(Captioned web images)
-- Opening Marker --

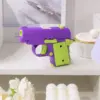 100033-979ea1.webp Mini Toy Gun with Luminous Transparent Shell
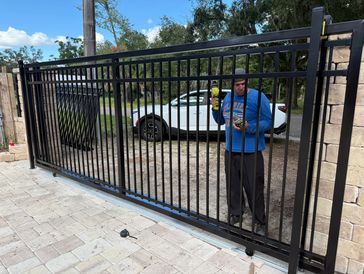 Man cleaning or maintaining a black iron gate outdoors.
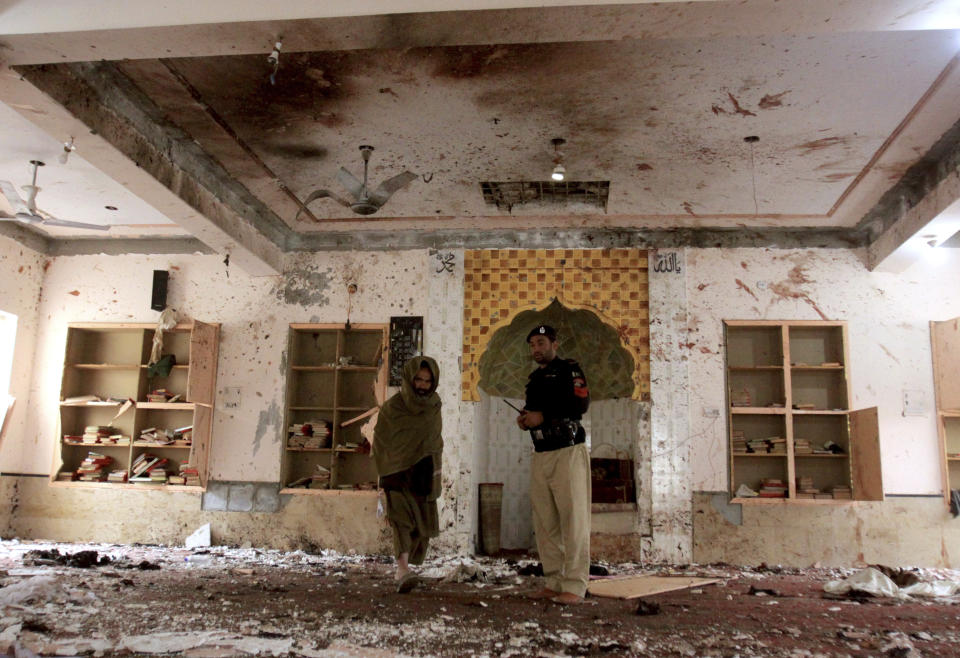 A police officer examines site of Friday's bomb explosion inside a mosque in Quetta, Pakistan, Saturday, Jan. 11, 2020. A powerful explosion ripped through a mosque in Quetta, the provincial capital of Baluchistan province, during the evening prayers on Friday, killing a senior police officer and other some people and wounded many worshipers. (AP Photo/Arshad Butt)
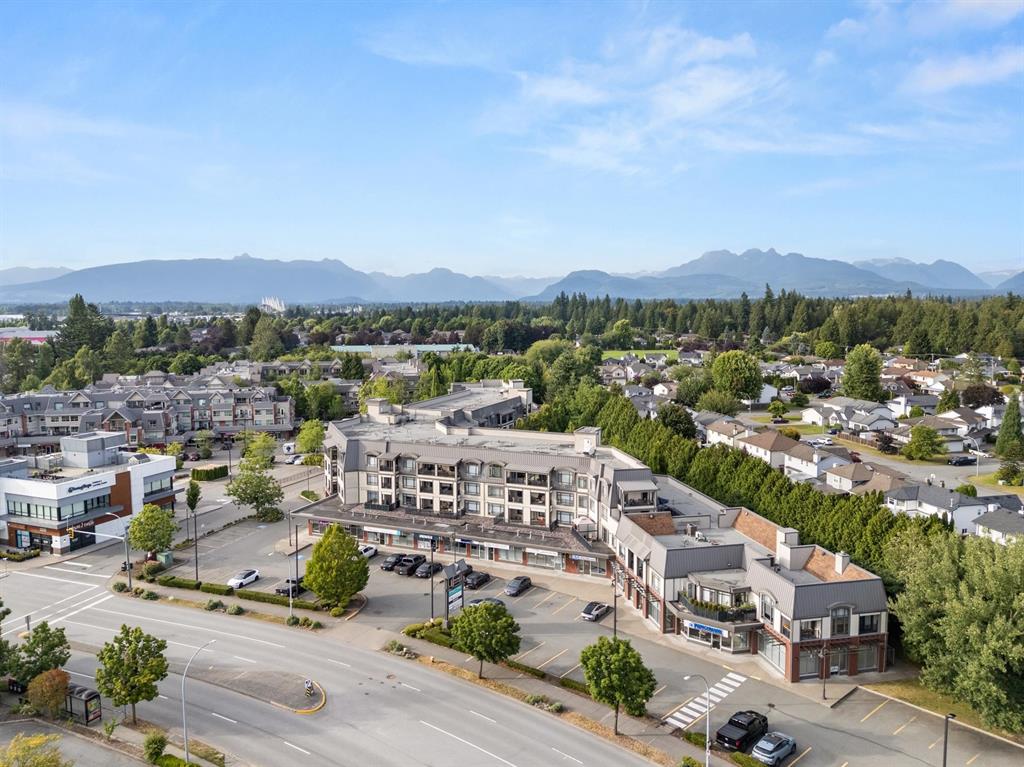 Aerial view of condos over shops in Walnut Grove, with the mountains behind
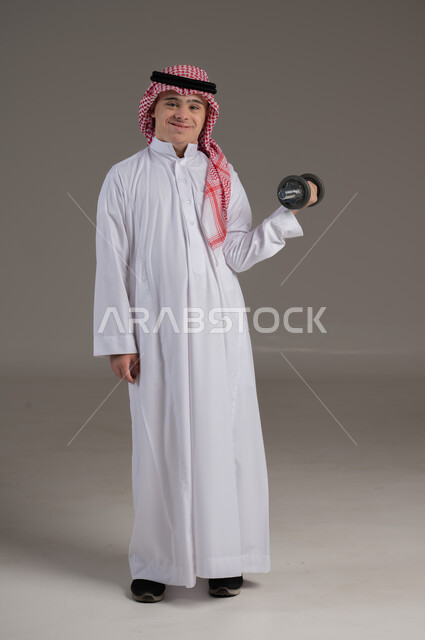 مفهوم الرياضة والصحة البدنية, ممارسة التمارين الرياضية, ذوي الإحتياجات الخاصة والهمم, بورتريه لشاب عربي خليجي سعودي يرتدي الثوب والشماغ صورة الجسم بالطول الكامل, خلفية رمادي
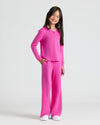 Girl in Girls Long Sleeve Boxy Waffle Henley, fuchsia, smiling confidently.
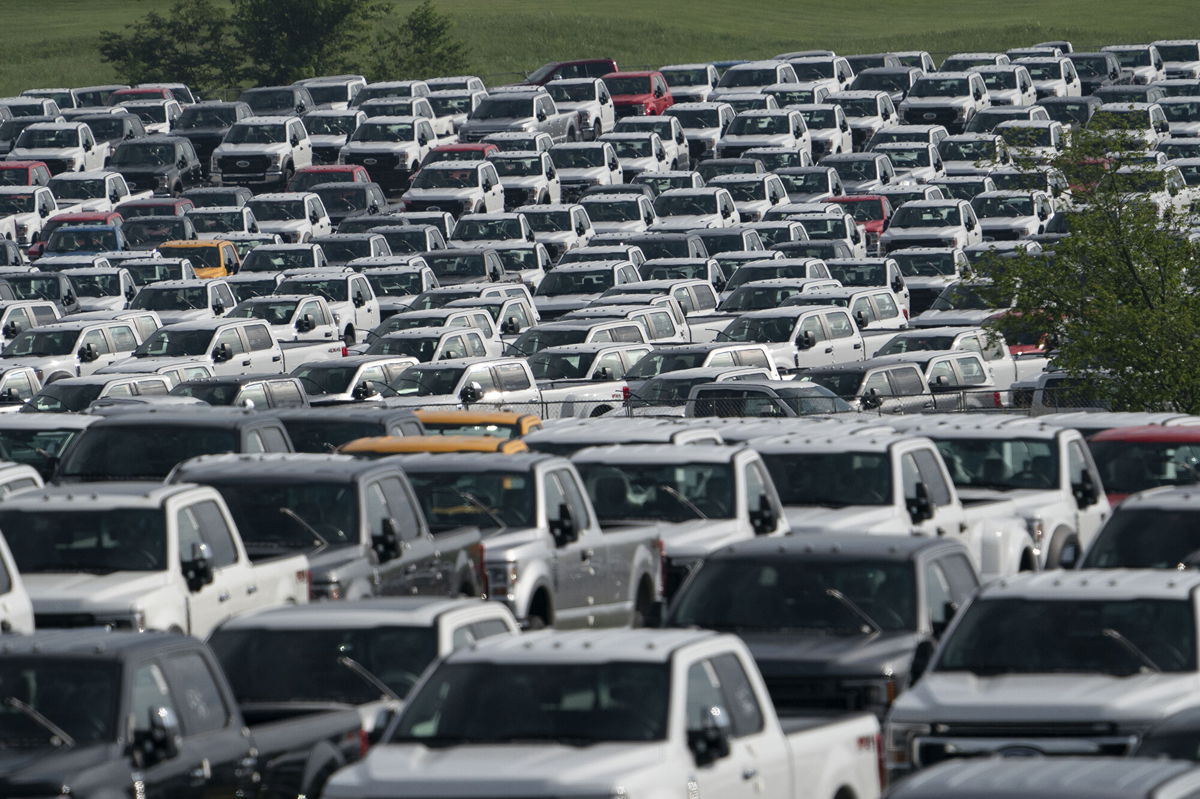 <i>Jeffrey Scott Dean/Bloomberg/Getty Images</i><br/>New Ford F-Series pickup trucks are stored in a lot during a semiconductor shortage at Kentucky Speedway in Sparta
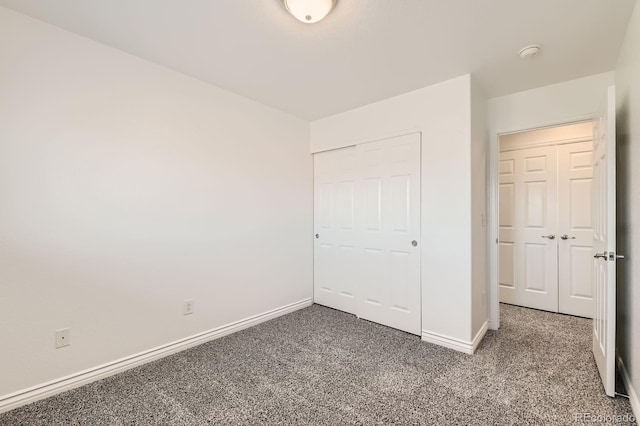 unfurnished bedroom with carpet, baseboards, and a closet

-- Closing Marker --

» Task brief:
The lines needed run from the first line of the records through the line containing "Man cleaning or", both included. Restate them word for word, without pictures.

» Result:
 100033-979ea1.webp Mini Toy Gun with Luminous Transparent Shell
 Man cleaning or maintaining a black iron gate outdoors.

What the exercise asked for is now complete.